Çocuğunuz zımpara kağıdından yapılan harflerin üzerinden yeteri kadar geçmişse, aynı harfleri ona kumun üzerine de yazdırabilirsiniz. Bunun için dökülme riskini azaltmak amacıyla derin ve geniş bir kabın içine ince kum doldurmanız yeterlidir. Zımpara kağıdındaki harfi önce bir kağıda yazıp sonra da kumun üzerine çizmesini söyleyin. böylece kas gelişimi kuvvetlenecek ve el yazısına geçiş kolaylaşacaktır.

Kalem Kontrolü

Çocuğunuzun, yazmayı öğrenmeden önce el kontrolünü geliştirmeye ihtiyacı vardır. Daha önceki makalelerde işlediğimiz bilişsel faaliyetlerin, çocuğunuzun el-göz koordinasyonunu geliştirmesinde büyük yardımı olur. El-göz koordinasyonunun sağlanması, el yazısı için çok önemlidir. Yazı yazmaya ilk basamak olarak çocuğunuza kaliteli kağıtlar ve kuru boyalar verin. Ona şekillerin içini, birbirine paralel vuruşlarla nasıl boyaması gerektiğini gösterin.
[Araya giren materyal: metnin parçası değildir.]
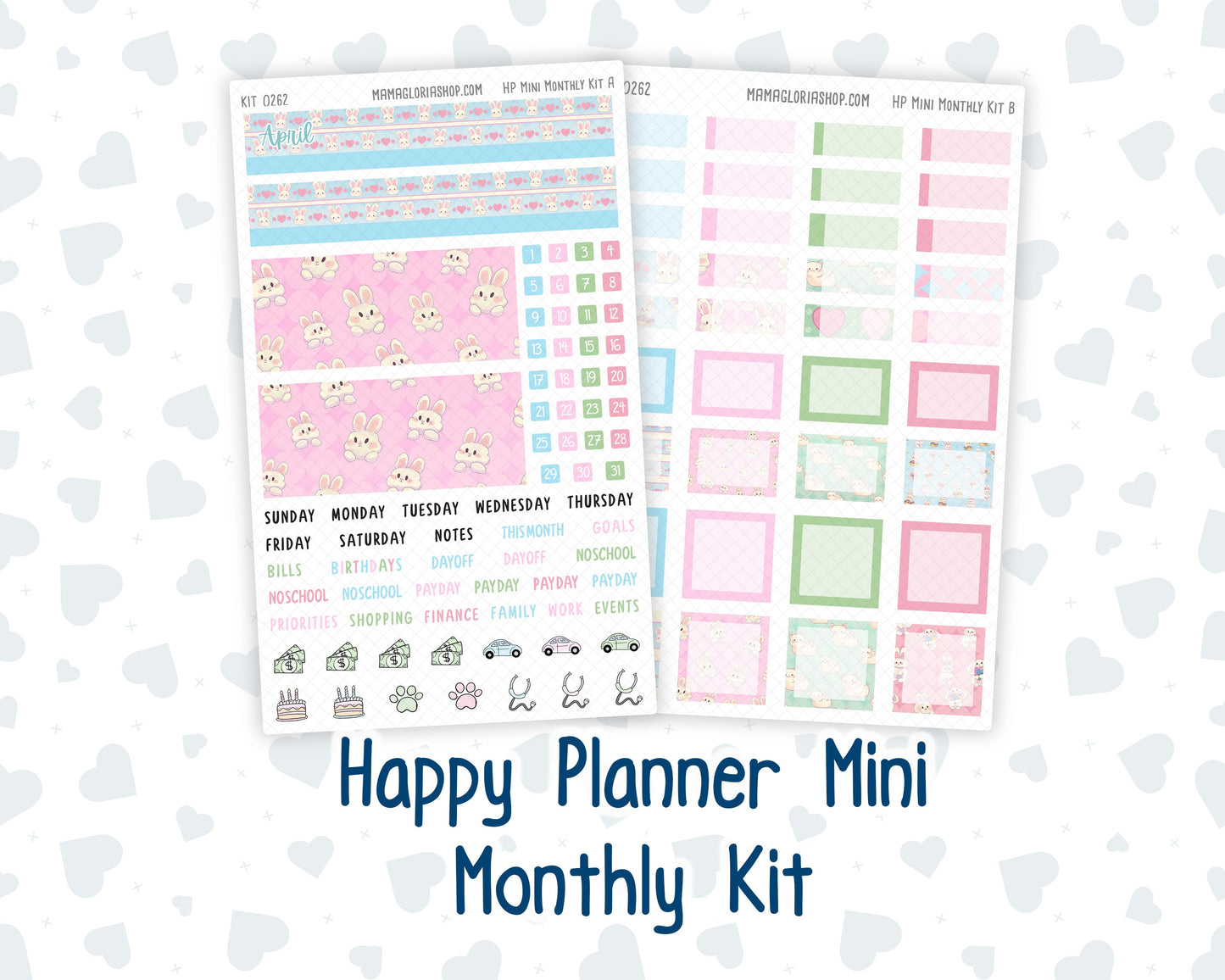 Kit 0262 - HP Mini - Monthly Kit - April - Spring Puffs - For Mini Happy Planner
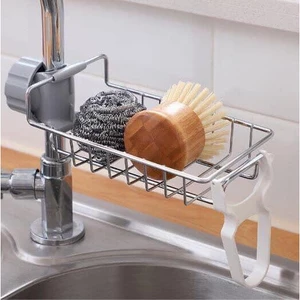 Giá treo vòi đựng đồ - Kệ gắn vòi inox đựng giẻ rửa bát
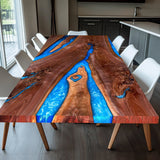 Custom Black Walnut Blue Epoxy Resin Conference Table BRT-88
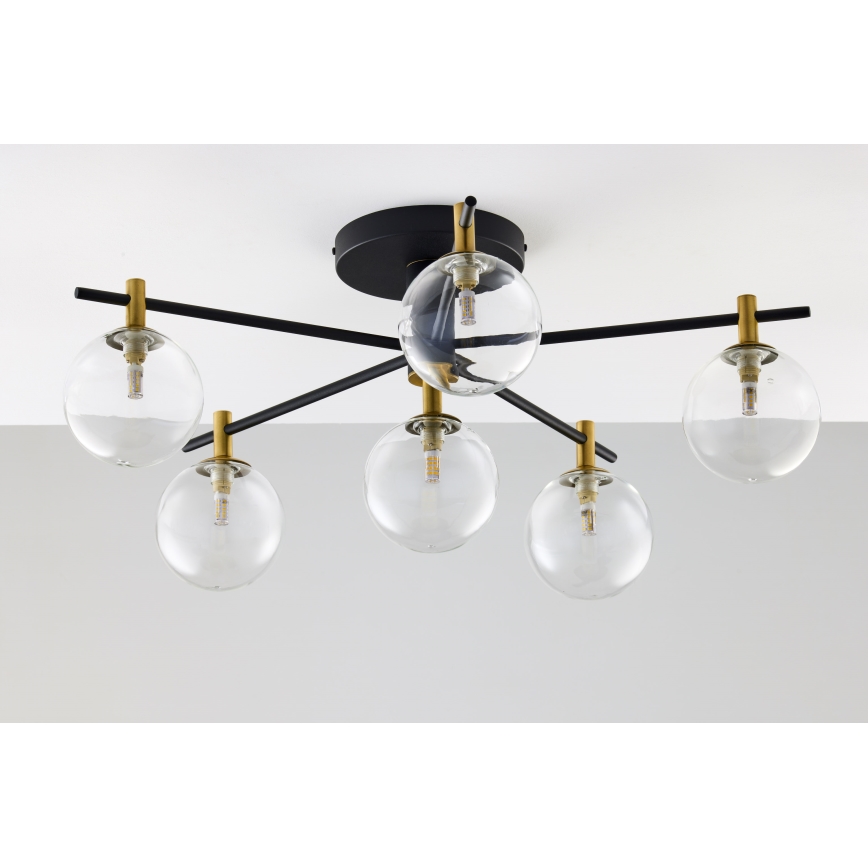 Jupiter 2036 - Lámpara de techo FIGARO 6xG9/10W/230V negro/dorado/beige/transparente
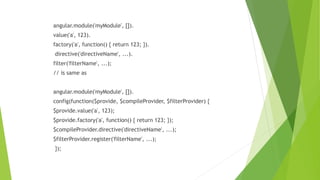 angular.module('myModule', []).
value('a', 123).
factory('a', function() { return 123; }).
directive('directiveName', ...).
filter('filterName', ...);
// is same as
angular.module('myModule', []).
config(function($provide, $compileProvider, $filterProvider) {
$provide.value('a', 123);
$provide.factory('a', function() { return 123; });
$compileProvider.directive('directiveName', ...);
$filterProvider.register('filterName', ...);
});
 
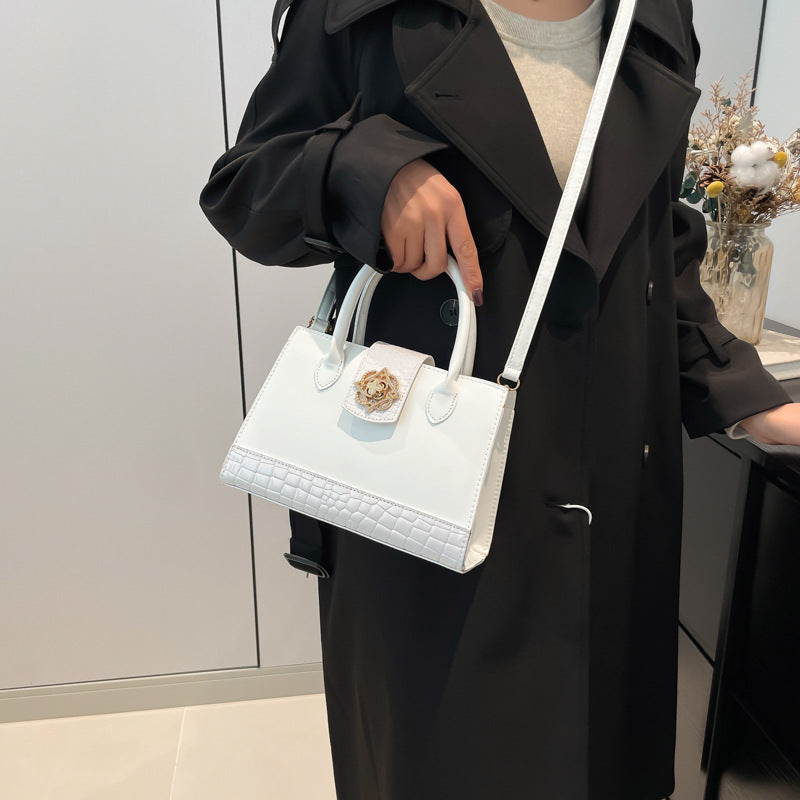Fashion Crocodile Pattern Stitching Texture Elegant Large Women's Shoulder Bag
Çocuğunuzu yazı yazmaya alıştırmada, küçük bir yazı tahtası ve tebeşir işe yarayabilir. Önce zımpara kağıdı harflerinden birinin üzerinden geçip sonra da bu harfi yazı tahtasına yazmaya çalışsın. Harfleri tek tek yazmaya başlayınca basit kelimeler yazdırarak onu biraz daha zorlayabilirsiniz.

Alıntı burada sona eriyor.